Le développement de l’économie sociale et solidaire (ESS) ne doit pas se faire au détriment des principes fondateurs du secteur, tels la gouvernance démocratique, la lucrativité limitée et l’encadrement des rémunérations. Se fondant sur cet argument, trois organisations associatives – la FNARS (Fédération nationale des associations d’accueil et de réinsertion sociale), le Coorace et Emmaüs France – ont formulé six propositions d’amendement au projet de loi sur l’ESS, qui doit être discuté au Sénat les 6 et 7 novembre prochain.
Les organisations souhaitent d’abord une définition de la « gouvernance démocratique » plus stricte que celle prévue par le projet de loi : elles demandent que chaque associé de l’entreprise ait le même poids dans les prises de décision (une seule voix lors des votes), quel que soit son apport en capital ou le montant de sa contribution financière. Un système égalitaire qui représente, en outre, « une protection contre l’appropriation de l’activité et de ses fruits par un individu ». Deux autres propositions d’amendement visent à « intégrer l’égalité entre les hommes et les femmes dans le référentiel juridique du secteur ».

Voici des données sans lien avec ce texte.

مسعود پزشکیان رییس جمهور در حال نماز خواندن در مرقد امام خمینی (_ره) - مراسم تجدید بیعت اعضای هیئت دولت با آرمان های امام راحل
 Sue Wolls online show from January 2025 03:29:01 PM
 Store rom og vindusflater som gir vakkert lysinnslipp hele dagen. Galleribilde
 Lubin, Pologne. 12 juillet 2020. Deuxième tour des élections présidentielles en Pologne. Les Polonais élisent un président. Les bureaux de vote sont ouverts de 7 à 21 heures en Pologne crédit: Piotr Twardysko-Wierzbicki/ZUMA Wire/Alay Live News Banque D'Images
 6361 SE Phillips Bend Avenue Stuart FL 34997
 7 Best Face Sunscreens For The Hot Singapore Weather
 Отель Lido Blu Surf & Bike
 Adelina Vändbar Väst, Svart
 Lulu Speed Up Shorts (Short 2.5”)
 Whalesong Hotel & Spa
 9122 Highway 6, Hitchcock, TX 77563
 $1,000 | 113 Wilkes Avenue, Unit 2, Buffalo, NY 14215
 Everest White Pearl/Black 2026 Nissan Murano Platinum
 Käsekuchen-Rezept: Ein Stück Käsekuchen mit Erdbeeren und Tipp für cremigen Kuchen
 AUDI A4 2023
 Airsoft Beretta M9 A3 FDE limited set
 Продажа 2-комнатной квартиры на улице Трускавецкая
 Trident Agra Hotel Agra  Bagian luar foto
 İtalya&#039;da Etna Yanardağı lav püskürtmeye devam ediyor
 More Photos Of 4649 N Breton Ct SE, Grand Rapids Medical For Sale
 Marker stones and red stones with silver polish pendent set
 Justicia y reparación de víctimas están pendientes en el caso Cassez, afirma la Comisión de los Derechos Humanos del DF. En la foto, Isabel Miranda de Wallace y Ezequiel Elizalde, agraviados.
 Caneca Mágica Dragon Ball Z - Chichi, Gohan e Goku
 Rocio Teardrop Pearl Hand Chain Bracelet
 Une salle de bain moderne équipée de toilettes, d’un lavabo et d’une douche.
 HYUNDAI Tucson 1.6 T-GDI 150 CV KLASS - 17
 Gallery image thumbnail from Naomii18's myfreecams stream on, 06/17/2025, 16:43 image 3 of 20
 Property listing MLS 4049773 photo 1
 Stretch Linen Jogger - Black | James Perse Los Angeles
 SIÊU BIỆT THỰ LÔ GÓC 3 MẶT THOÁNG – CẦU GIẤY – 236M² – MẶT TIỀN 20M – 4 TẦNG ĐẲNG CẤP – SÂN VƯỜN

Elles veulent également rendre plus contraignantes les règles d’affectation du résultat de l’entreprise en rendant largement majoritaire la part du bénéfice qui ne peut être partagée entre les associés (90 % au minimum, contre 60 % dans le projet de loi). Elles proposent, par ailleurs, de mieux encadrer la limitation des écarts de rémunération – critère dont devront se prévaloir les entreprises prétendant à l’agrément « entreprise solidaire d’utilité sociale ». Selon le projet de loi, la moyenne des cinq rémunérations les plus élevées ne doit pas excéder un plafond fixé à sept fois la rémunération annuelle perçue par un salarié à temps complet sur la base du salaire minimum de croissance ou de branche. Or, dans les structures ayant un faible nombre de salariés, cette référence pourrait « cacher des disparités importantes entre le salaire du dirigeant et le salaire d’autres salariés au niveau de rémunération proche du SMIC, rentrant dans le calcul du fait de la taille réduite de la structure », font valoir les organisations. Elles préconisent donc de retenir la moyenne des trois rémunérations les plus élevées.
Elles souhaitent enfin que les parlementaires reviennent sur la disposition selon laquelle toutes les structures d’insertion par l’activité économique pourront obtenir de plein droit l’agrément « entreprise solidaire d’utilité sociale ». Elles craignent que cette mesure engendre « une instrumentalisation du conventionnement “insertion par l’activité économique” par des sociétés commerciales y voyant un moyen de contourner les conditions d’obtention de l’agrément ». L’Uniopss avait également rendu publique une contribution visant à clarifier l’identité de l’ESS dans le projet de loi, notamment en intégrant l’objectif d’utilité sociale dès le premier article, qui définit le périmètre du secteur (1).
(1) Voir ASH n° 2826 du 27-09-13, p. 22.